Pictures with short captions
*** Block opens ***
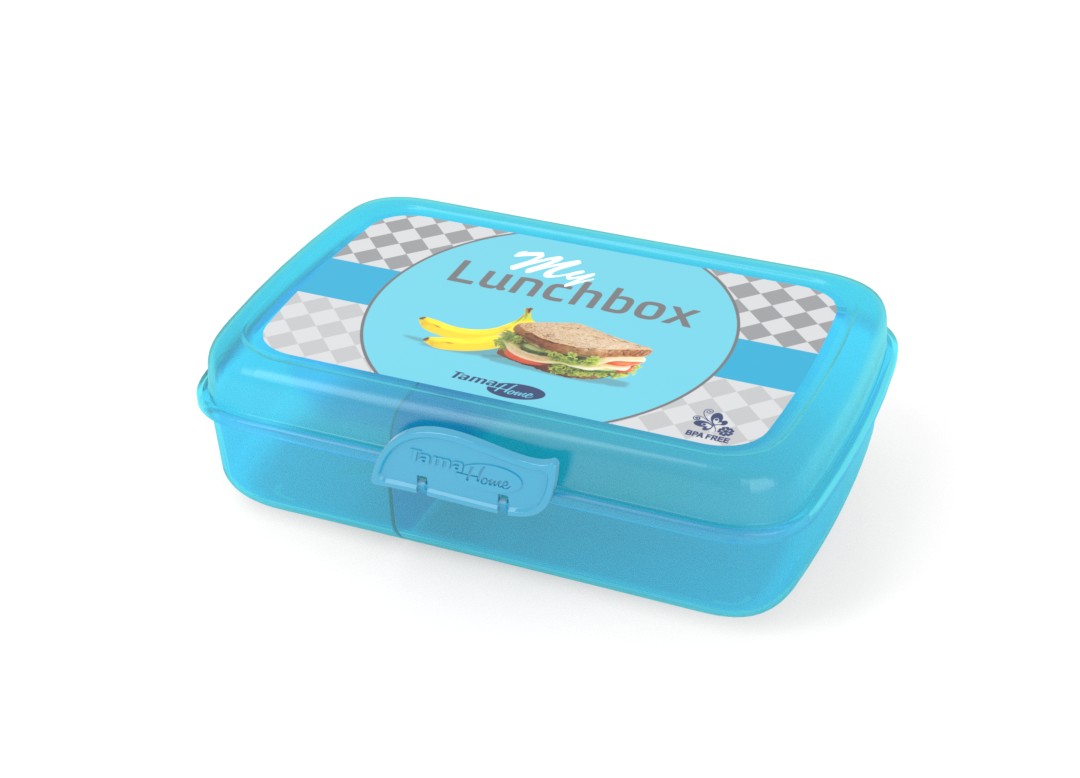 Decorative Lunchbox 22x15x7cm 1002 Transparent Blue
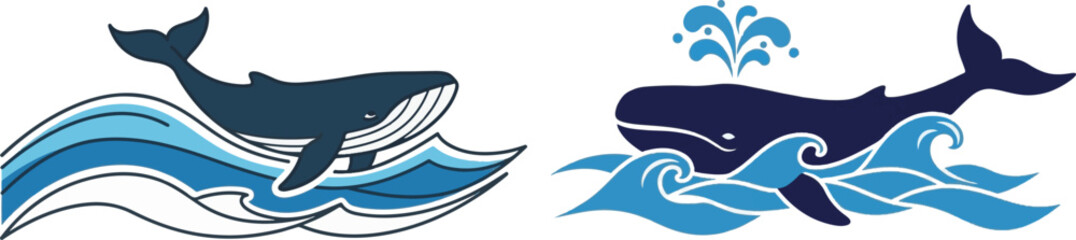 Whale Illustration Set with Ocean Waves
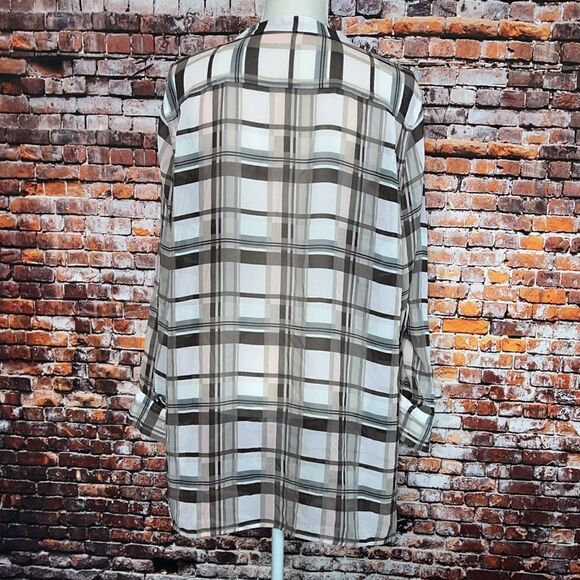Vince Camuto Sheer Plaid Button Down - Picture 4 of 6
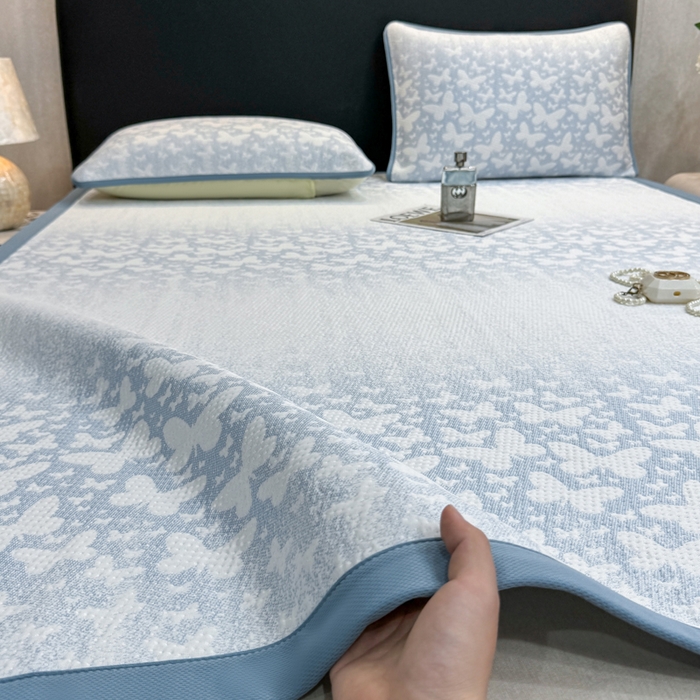 伊人坊 2026新款A类550克凉感提花值过0.21冰豆豆家用凉席子三件套夏季---凉席款 花蝴蝶-蓝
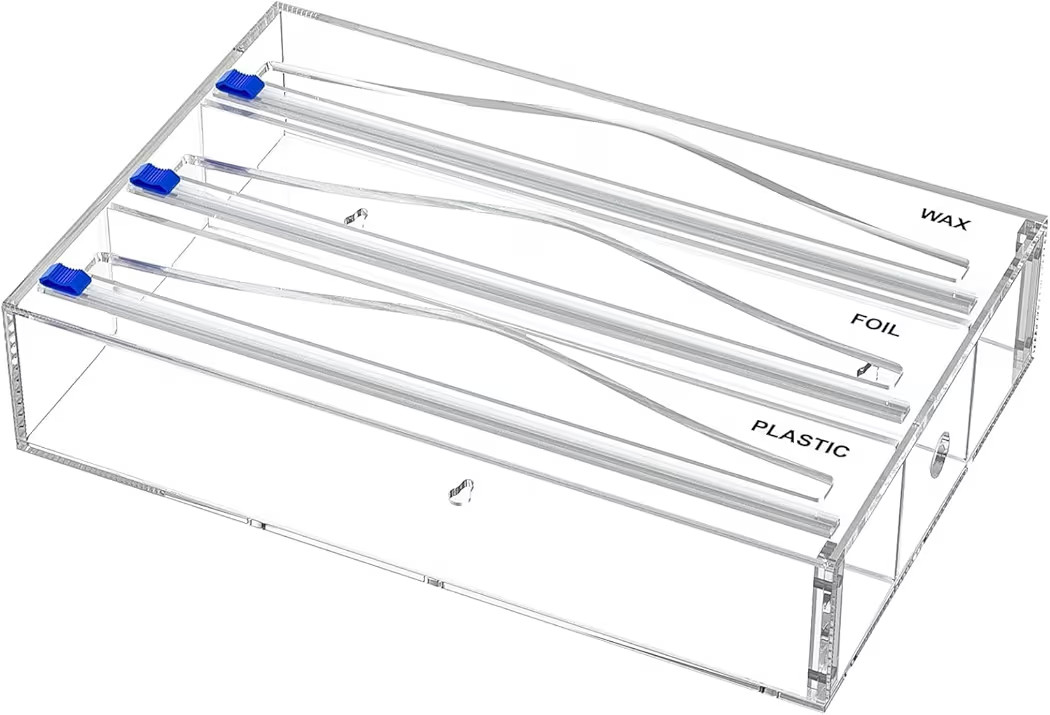 Tin Foil Organizer for Drawer with 12 Labels, Plastic Wrap Dispenser with Cutter, 3 in 1 Acrylic ... | Amazon (US)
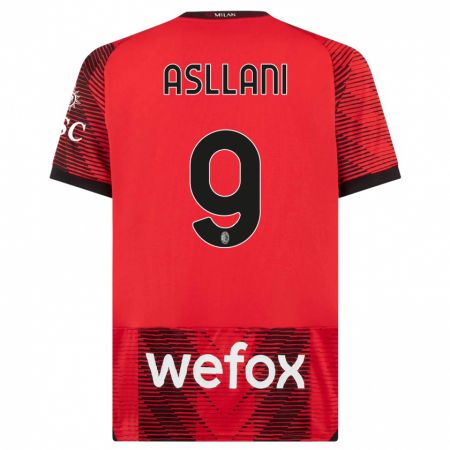 Kandiny Kinder Kosovare Asllani #9 Rot Schwarz Heimtrikot Trikot 2023/24 T-Shirt Österreich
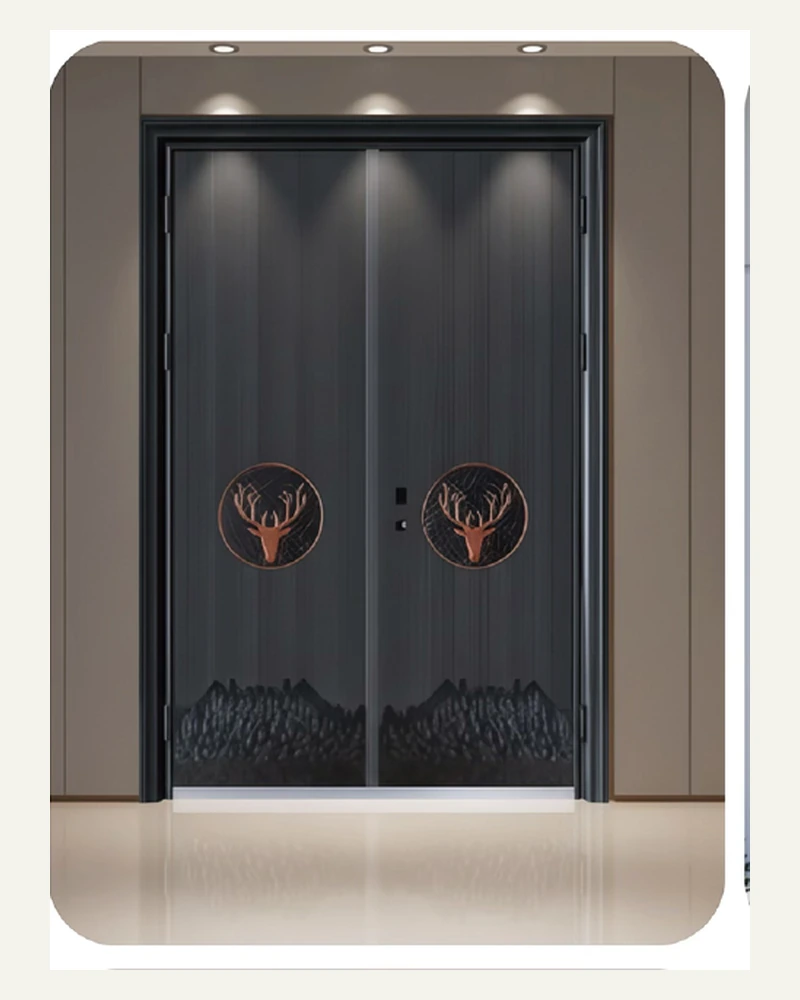 Black double security entrance door with subtle relief pattern and warm circular details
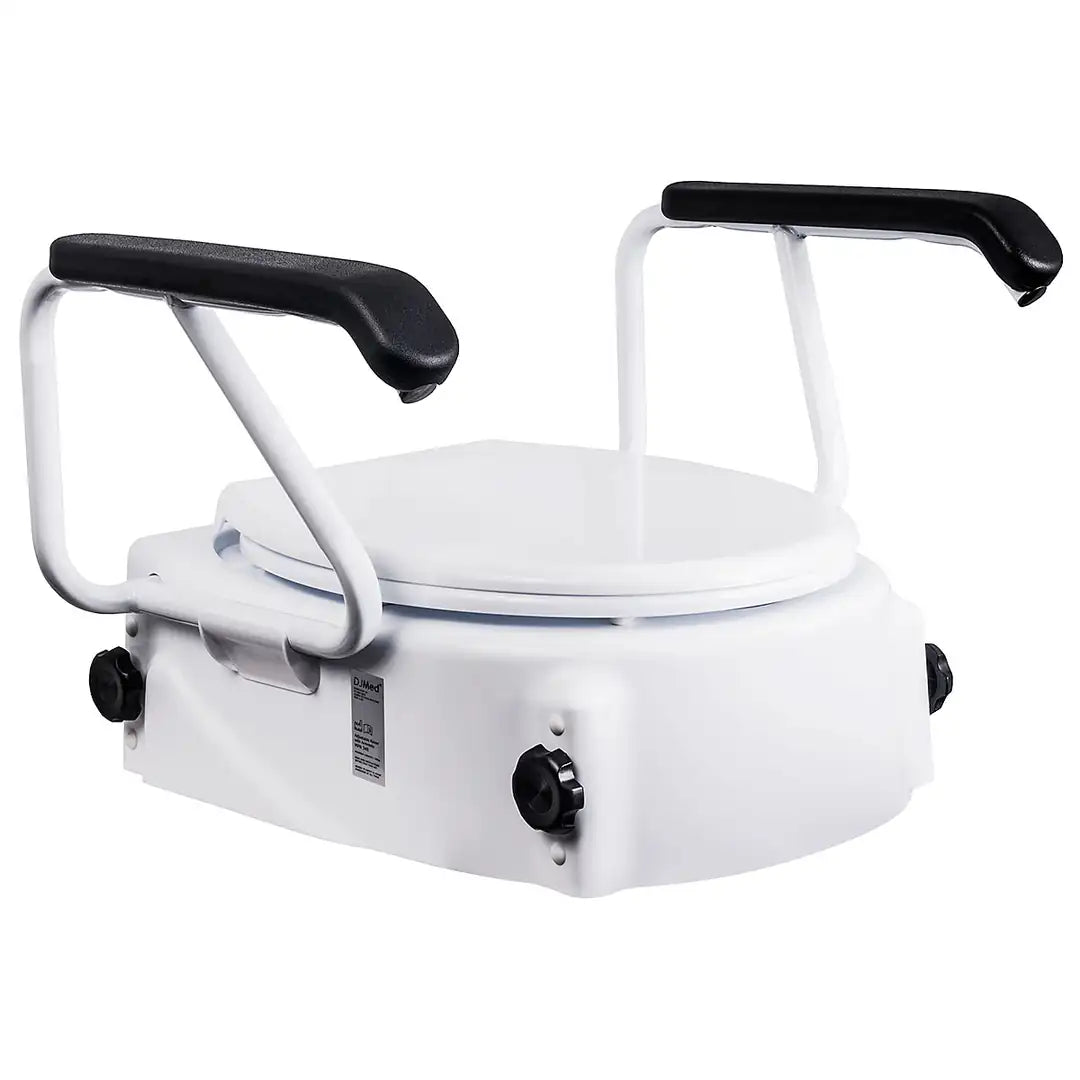 Adjustable Raised Toilet Seat with Armrests DJ348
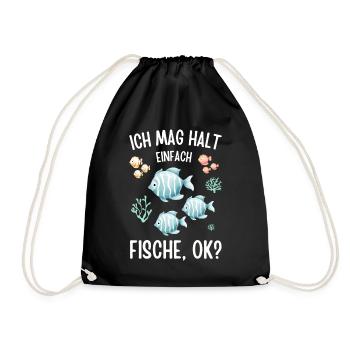 Fische Fischmotiv Damen Aquarium Spruch - Turnbeutel - Schwarz - Vorne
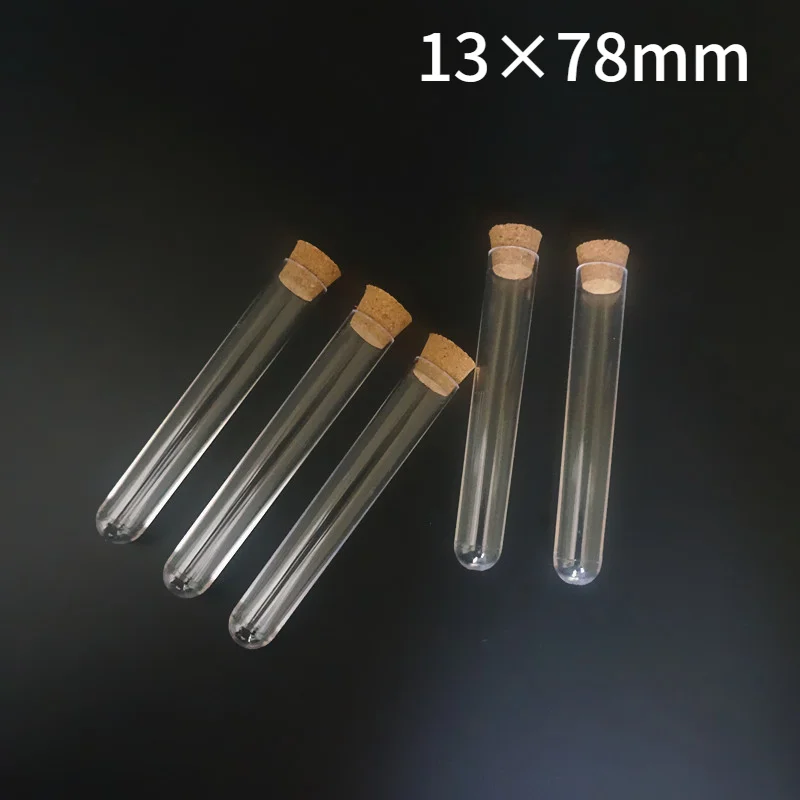 

10pcs/lot 13x78mm Lab Plastic Test Tube With Cork Experiment Favor Gift Tube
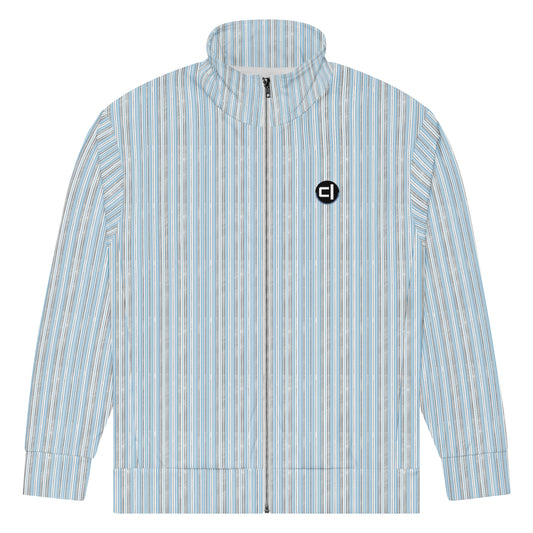 Air Striped Eco Track Jacket Outerwear by Carl & Lyn front flattened view zipped with Carl & Lyn logo in left chest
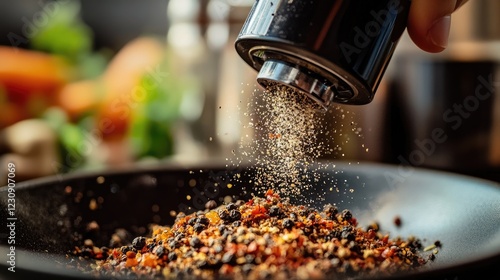 Fototapeta Naklejka Na Ścianę i Meble -  A detailed shot of a pepper grinder in use, with freshly ground black pepper being sprinkled onto a dish, emphasizing the seasoning process.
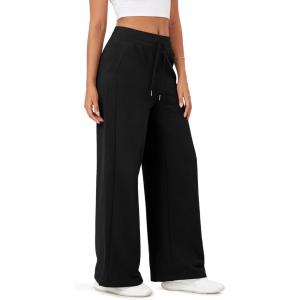 imageODODOS Womens Fleece Lined Wide Leg Jogger Pants with Pockets MidRise Relaxed PullOn SweatpantsBlack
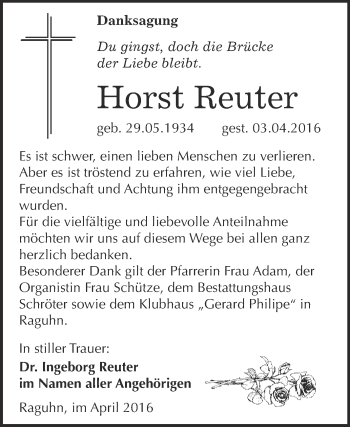 Traueranzeige von Horst Reuter von WVG - Wochenspiegel Bitterfeld
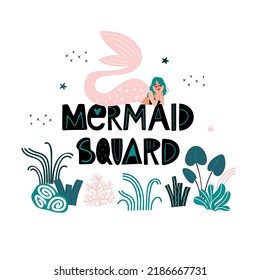 Mermaid vector illustration. A magical underwater creature. Undersea world concept with lettering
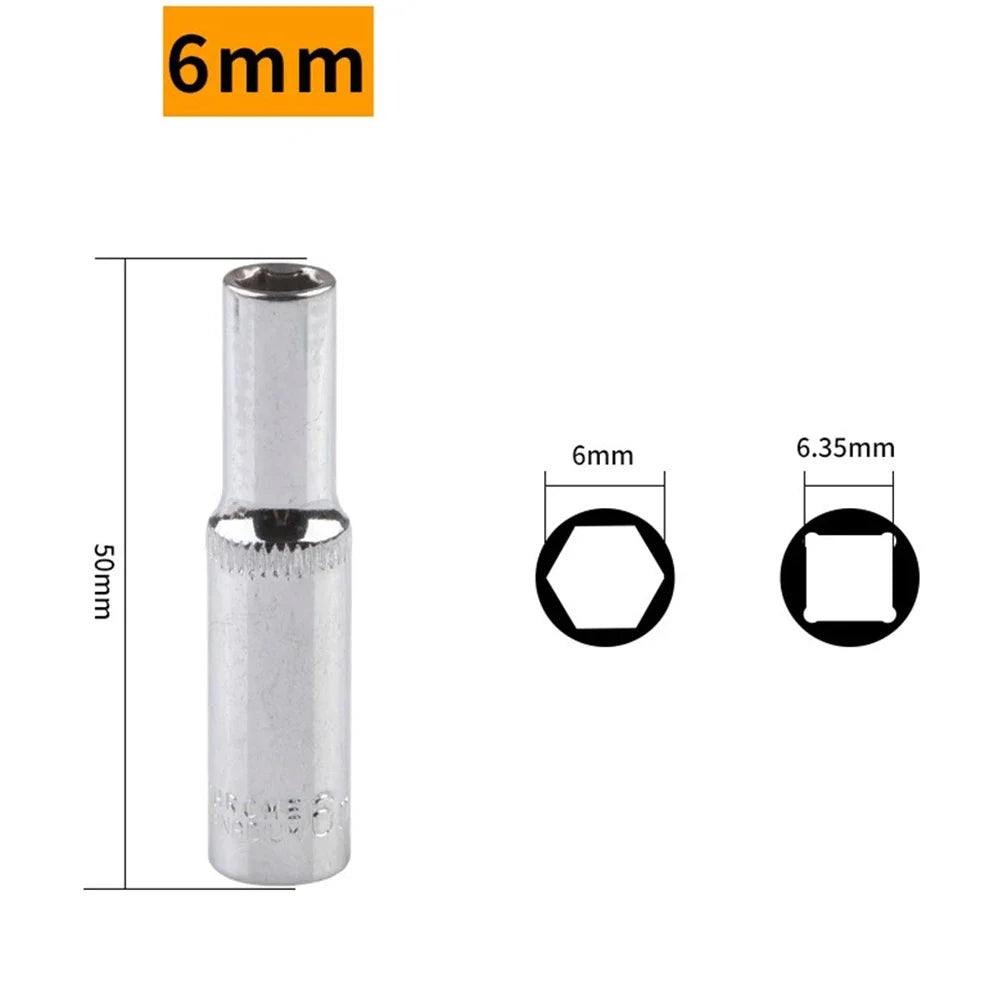 Robuster 1/4 Zoll Tief Steckschlüssel Satz – Metrisch, Sechskant, CrV-Stahl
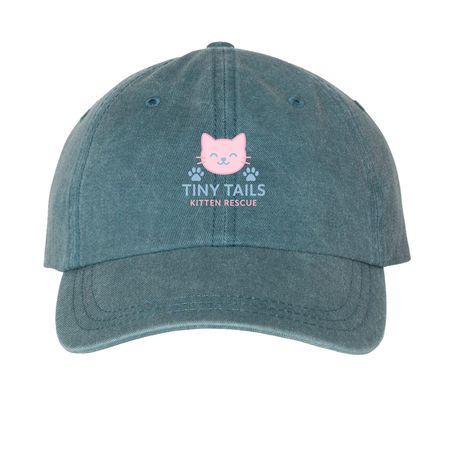 Ball Caps, a Teal Printed Pigment Dye Baseball Cap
*** Block closes ***
### What to work on
Output exactly and only the lines from the line containing "Fische Fischmotiv Damen" to the end of the entries, both included, and omit every picture.

### Response
 Fische Fischmotiv Damen Aquarium Spruch - Turnbeutel - Schwarz - Vorne

10pcs/lot 13x78mm Lab Plastic Test Tube With Cork Experiment Favor Gift Tube
 Air Striped Eco Track Jacket Outerwear by Carl & Lyn front flattened view zipped with Carl & Lyn logo in left chest
 Fototapeta Naklejka Na Ścianę i Meble -  A detailed shot of a pepper grinder in use, with freshly ground black pepper being sprinkled onto a dish, emphasizing the seasoning process.
 imageODODOS Womens Fleece Lined Wide Leg Jogger Pants with Pockets MidRise Relaxed PullOn SweatpantsBlack
 Traueranzeige von Horst Reuter von WVG - Wochenspiegel Bitterfeld
 Mermaid vector illustration. A magical underwater creature. Undersea world concept with lettering
 Robuster 1/4 Zoll Tief Steckschlüssel Satz – Metrisch, Sechskant, CrV-Stahl
 Ball Caps, a Teal Printed Pigment Dye Baseball Cap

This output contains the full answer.